Microsoft's Don Mattrick (Credit: Getty Images)
But the man in charge of Xbox maintains Microsoft is offering an incredible deal.
Don Mattrick, president of Microsoft's Interactive Entertainment Business, defended the Xbox One's price tag against the heavy criticism it has been receiving, telling Bloomberg TV the price is more than fair given all the system has to offer.
"It's a lower number than some of the analysts had forecasted," he said. "We're over-delivering value against other choices I think consumers can get. Any modern product these days, you look at it [and] $499 isn't a ridiculous price point. We're delivering thousands of dollars of value to people, so I think they're going to love it when they use it."
Arguing the value of a system versus its cost is old hat in the video game industry.
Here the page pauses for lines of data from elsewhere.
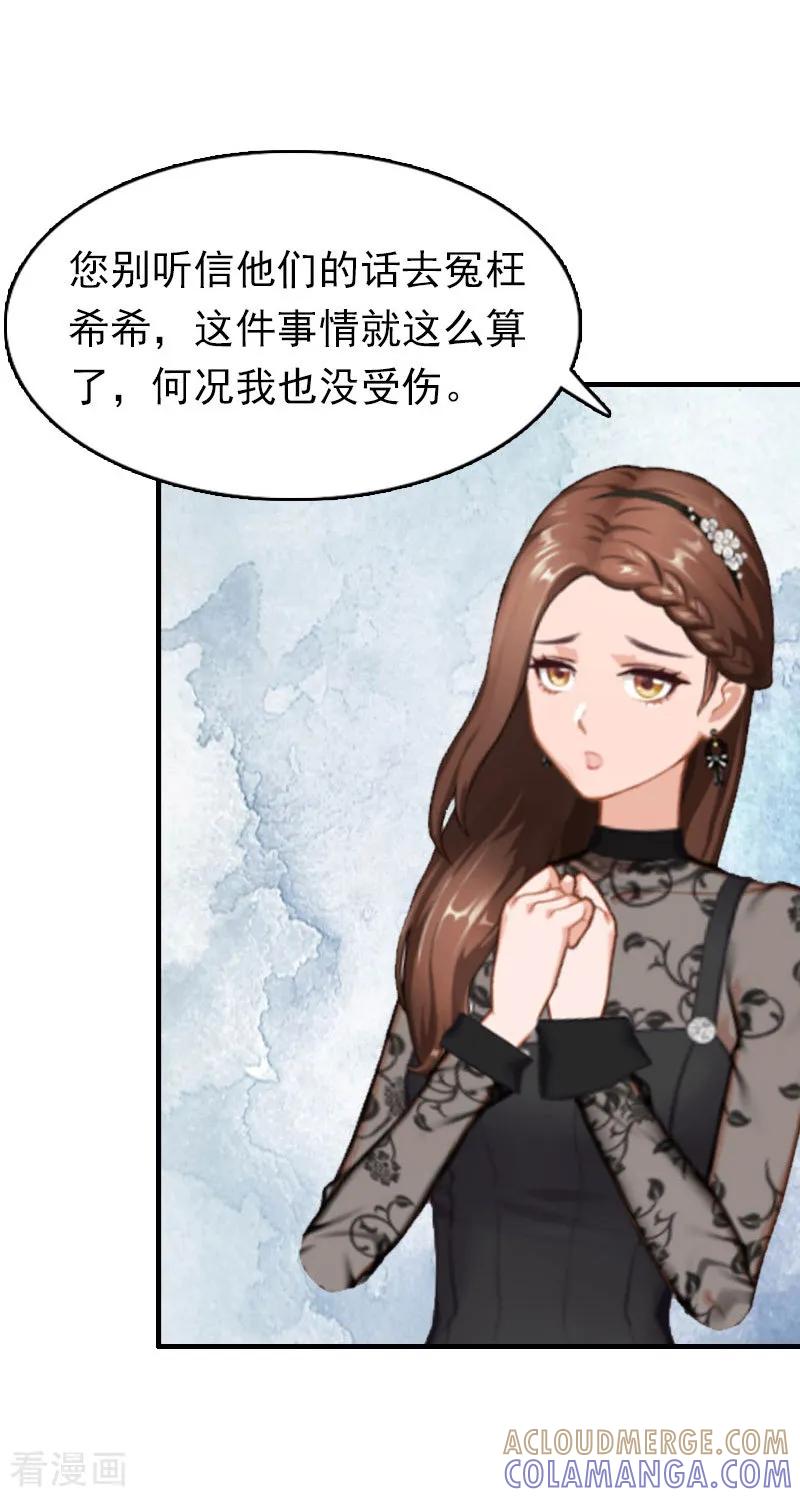 第14话追究-乔少的心尖宠-元气弹漫画 泛次元文化（第21张）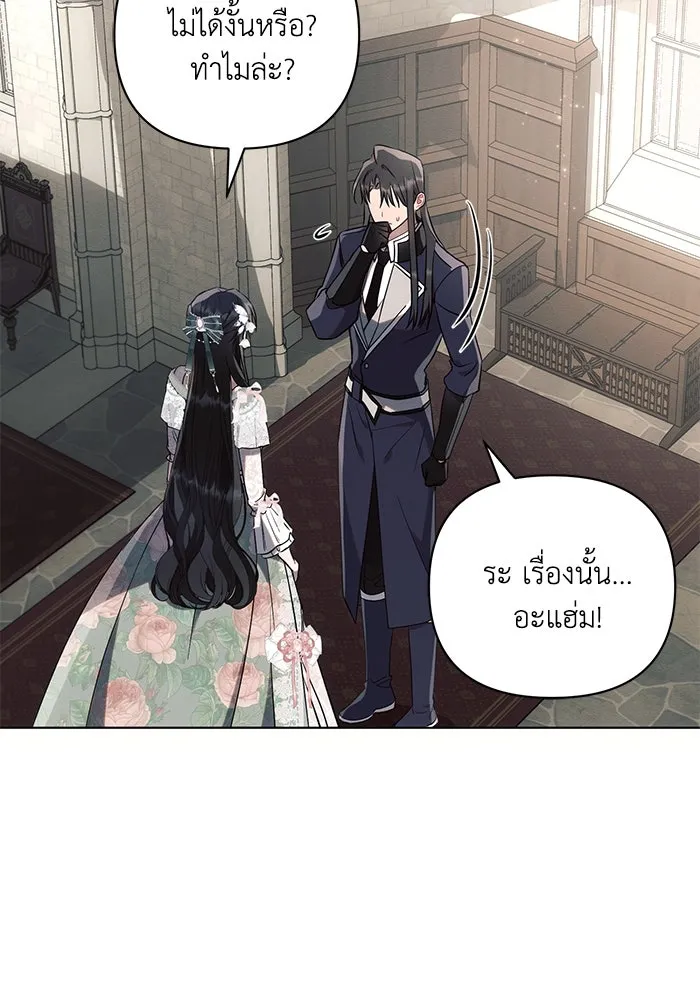 แอชสตาร์ต ตอนที่ 86 รูปที่ 34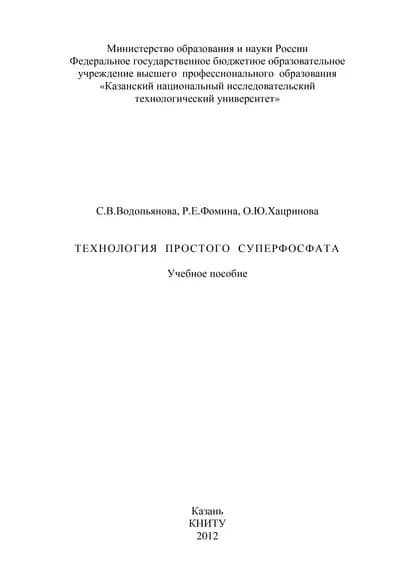 Технология простого суперфосфата | Водопьянова С. В., Фомина Р. Е. | Электронная книга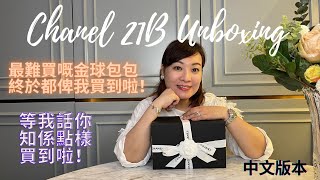 廣東話 | Chanel 21B Unboxing | 香奈兒秋冬金球開箱 | 最難買嘅乾燥玫瑰粉紅金球🤩終於都俾我買到啦！| 等我話你知係點樣買到啦🥰！|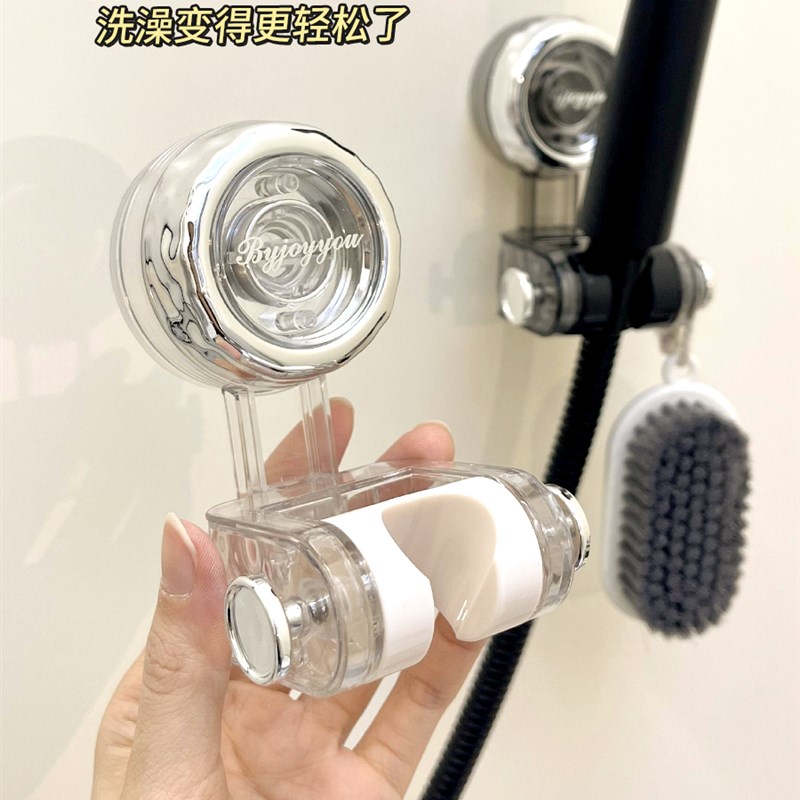 吸盘式花洒支架家用儿童洗澡固定花洒架免打孔喷头可移动调节神器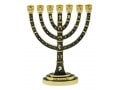 Seven-Branch Menorah, Gold Judaic Motifs on Dark Green Enamel - 9.5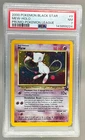 2000 Pokemon Black Star 9 Mew Holo Promo PSA 7 143859224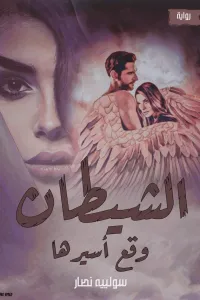 تزوجت سرسجية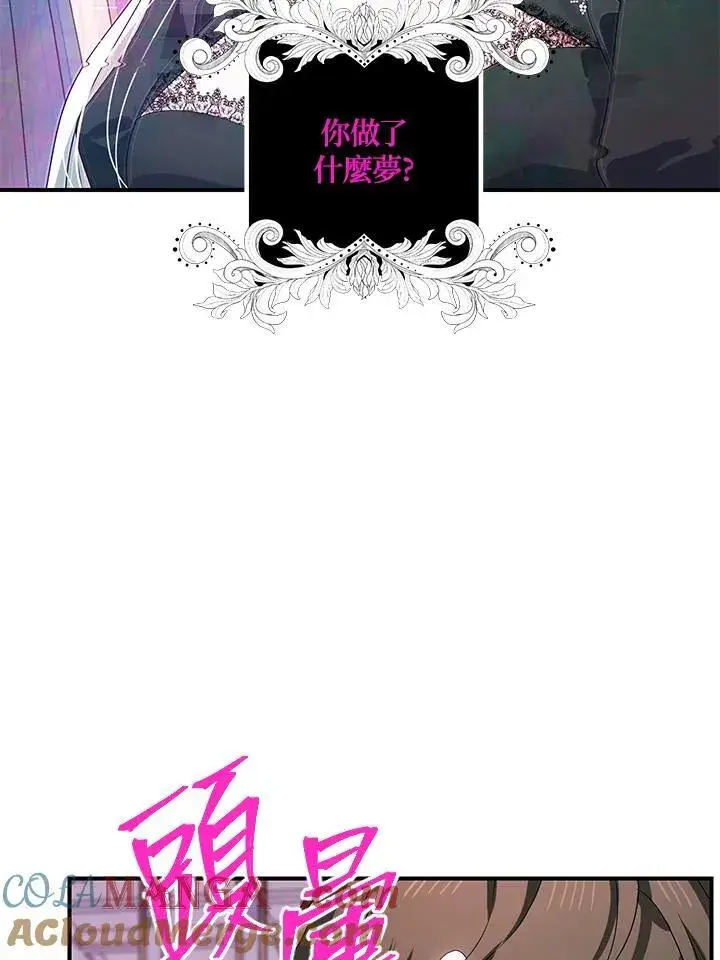 漫画《SSS级自杀猎人》第105话第69张图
It's the go-to tool for any console manufacturer facing criticism about pricing decisions, but given Microsoft's other recent PR stumbles – specifically, confusion about its policy on used games (which is still persistent, despite the company putting out a clear statement on the matter right before E3) and its required internet connection -- Mattrick's argument is falling flat.
"Isn't this pretty much what Sony was saying last gen about their outlandish pricing?," noted one forum user on GameSpot. "The sign of a wise man is the ability to learn from others’ mistakes."
Not helping things was Mattrick’s tone-deaf reply to a question last week about that required Internet connection.
"We have a product for people who aren't able to get some form of connectivity -- it's called Xbox 360," he said.
Microsoft's protests notwithstanding, no one seems happy about the Xbox One's price. Publishers were quick to note they would have preferred it to be $100 cheaper, and while Mattrick says the price is lower than some analysts had predicted, the ones we've spoken with say they were just as shocked as gamers were when it was announced.
"The launch price is above our expectations, and potentially pushing the envelope as Microsoft looks to expand the console beyond the core gaming demographic and to a broader consumer audience," said Edward Williams of BMO Capital Markets.